Question

At what time, between 10 o’clock and 11 o’clock are two hands of the clock symmetric with respect to the vertical line (give the answer to the nearest second)?
A. 10 h 9 min 13 sec
B. 10 h 9 min 14 sec
C. 10 h 9 min 22 sec
D. 10 h 9 min 50 sec

Answer 1

Hint: In this question take the time as a variable in minutes between 10 o'clock and 11 o'clock where the two hands of the clock are in symmetric with respective to the vertical line. The speed of the hour hand to minute hand is \[1:12\]. Then equate the distance moved by the minutes and the distance moved by the hours hand which will lead to the solution of the problem.

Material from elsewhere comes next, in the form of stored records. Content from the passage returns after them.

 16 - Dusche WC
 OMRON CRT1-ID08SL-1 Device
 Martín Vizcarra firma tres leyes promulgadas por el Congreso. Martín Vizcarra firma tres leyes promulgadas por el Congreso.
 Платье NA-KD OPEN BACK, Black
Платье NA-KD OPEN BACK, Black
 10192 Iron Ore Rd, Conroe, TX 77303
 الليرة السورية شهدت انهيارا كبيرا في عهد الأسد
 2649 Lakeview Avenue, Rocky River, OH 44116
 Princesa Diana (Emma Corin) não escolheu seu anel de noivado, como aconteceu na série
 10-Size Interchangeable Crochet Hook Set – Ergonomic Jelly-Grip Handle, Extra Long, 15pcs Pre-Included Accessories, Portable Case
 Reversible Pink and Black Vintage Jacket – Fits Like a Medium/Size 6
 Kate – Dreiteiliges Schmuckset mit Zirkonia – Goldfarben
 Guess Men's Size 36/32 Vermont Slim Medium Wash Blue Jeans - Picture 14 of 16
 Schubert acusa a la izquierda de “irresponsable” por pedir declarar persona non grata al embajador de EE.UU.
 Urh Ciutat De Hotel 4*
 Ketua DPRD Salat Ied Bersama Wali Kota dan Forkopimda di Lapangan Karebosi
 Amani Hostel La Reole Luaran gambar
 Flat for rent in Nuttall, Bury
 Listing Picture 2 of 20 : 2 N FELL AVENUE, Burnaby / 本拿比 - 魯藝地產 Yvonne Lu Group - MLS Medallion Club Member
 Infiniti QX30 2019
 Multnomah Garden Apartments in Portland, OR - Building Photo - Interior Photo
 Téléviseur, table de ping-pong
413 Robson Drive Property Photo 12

Complete step-by-step answer.

Let \[x\]minutes past 10 o'clock and 11 o’clock hands become symmetric.
Here in a clock each number is separated by \[{30^0}\]. Therefore, in one hour, the hour hand moves by \[{30^0}\], while the minute hand moves by \[{360^0}\]. So, the speed of hour hand to minute hand is \[1:12\]
The diagram of the clock will be as shown in the following figure:

Therefore, when the minute hand moves \[x\] minute distance, then the hour hand moves \[\dfrac{x}{{12}}\] minutes distance.
\[
   \Rightarrow \dfrac{x}{{12}} = 10 - x \\
   \Rightarrow \dfrac{x}{{12}} + x = 10 \\
   \Rightarrow \dfrac{{x + 12x}}{{12}} = 10 \\
   \Rightarrow \dfrac{{13x}}{{12}} = 10 \\
  \therefore x = \dfrac{{120}}{{13}}{\text{ minutes}} = 9{\text{ minutes 13}}{\text{.8 seconds}} \\
\]
Hence the required time is 10 h 9 min 13.8 sec which is approximately equals to 10 h 9 min 14 sec
Thus, the correct option is B. 10 h 9 min 14 sec.

Note: After obtaining the answer in minutes and seconds we have added it to the 10 hours as, we have to find the clock symmetric with respect to the vertical line between 10 o'clock and 11 o'clock. In a clock one hour is equal to sixty minutes and one minute is equal to sixty seconds.